“Oh, look! A Degas,” another excited visitor calls out as they step over the threshold and enter the Gardner Museum’s Yellow Room, a gallery that features nineteenth and twentieth-century art contemporary to Isabella Stewart Gardner. They approach the painting hanging at eye level only a few feet into the room, passing by me without a glance, intently appreciating the bold swipes of pastel that depict a ballerina lacing up her slipper.
As security guards, we are tasked with watching the galleries to ensure everyone has a safe and enjoyable time. We are not trained to know specific facts about the collection, however many of us learn a great deal due to our own passion for art and through spending hours in the galleries each day. It can therefore be tempting to allow corrections to escape our mouths when we hear misidentifications. For instance, this drawing titled In the Dressing Room—which elicits so much excitement, is not by the famed French Impressionist Edgar Degas.
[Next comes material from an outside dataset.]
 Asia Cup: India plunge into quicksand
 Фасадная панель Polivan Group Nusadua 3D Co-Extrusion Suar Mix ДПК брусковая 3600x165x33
In the Dressing Room was created by Louis Kronberg, a Boston native and eventual friend of Isabella’s. He studied painting at the School of the Museum of Fine Arts (known as the Boston Museum School in his time) and then at the Academy Julien in Paris. Upon his return to the States, he became a staple in local art circles and by February 7 of 1906, he had become an acquaintance of Isabella.1 We know this because on that date, he gave her a sketch of pianist George Proctor, drawn on a New England Conservatory of Music program with the cheeky inscription Souvenir of Chopin. Both great admirers of music and the arts, the burgeoning friendship—and eventual professional collaboration—between Kronberg and Isabella lasted for the remainder of the Museum founder’s life.
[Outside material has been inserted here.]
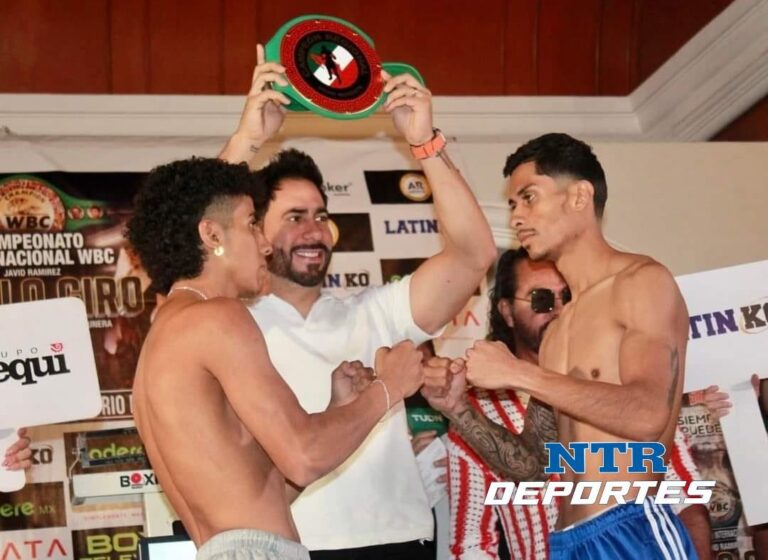 Luigy Gaytan no puede conquistar el campeonato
In addition to creating artworks that were added to Gardner’s collection, Kronberg became her trusted art broker. He acquired some important pieces for the Museum between 1920 and 1924. Many letters housed in the collection reveal their friendly correspondence and likeminded approach to collecting.
Dear Mrs. Gardner: [...] Certainly I am very glad to let you have that picture (La Gitana) for two thousand dollars. I am more than glad you want to own it. You have always been good to me and helped me along.
— Louis Kronberg to Isabella Stewart Gardner, 7 November 1921 (DF134.006)
[You are] the most satisfactory buyer I have ever had to deal with.
— Isabella Stewart Gardner to Louis Kronberg, 6 February 1922 (DF134.009)
Coincidentally, Kronberg helped acquire a work by Degas, the artist who people think created In the Dressing Room. He purchased A Ballerina (Danseuse a la Barre) on Isabella’s behalf, which can now be seen in the Macknight Room. It is displayed on the southern wall, next to the door, and diagonally across from one of Kronberg’s own pieces, Souvenir of Faust (1915).
In the Yellow Room, Isabella’s curatorial scheme places Kronberg’s In the Dressing Room in conversation with another Degas in the Museum’s collection: a portrait of Joséphine Gaujelin (1867). Both of these paintings are positioned on the eastern wall and only separated by a window and one other painting, if you were to look at them from the doorway—a perspective you can experience by exploring Google Arts and Culture's virtual tour.
Isabella was full of clever designs, wit, and good humor when it came to curating her museum. I can’t help but wonder if she saw a deeper connection between these two artists, beyond their shared appreciation for theater and the depiction of performers. The pieces in the Macknight Room share a similar quality of animation and performance, such that the viewer can feel the subjects in motion—as Degas focuses on accurate form in his precise lines and Kronberg on emotion and the capturing of fluid movements in his gestural watercolor.
In the Yellow Room, we see the subjects in their own private spaces, in dressing rooms. While Degas shows Gaujelin calmly returning our gaze and Kronberg presents a ballerina anonymously looking away, focusing on her task of getting ready, both share a quiet solemnity. Gaujelin’s eyes and Kronberg’s tenacious pastel strokes both work to make the viewer aware of their position as spectator. The yellow hue to both images reflects the color of the gallery walls we stand in to see them—likely a deliberate color coordination choice made by Isabella.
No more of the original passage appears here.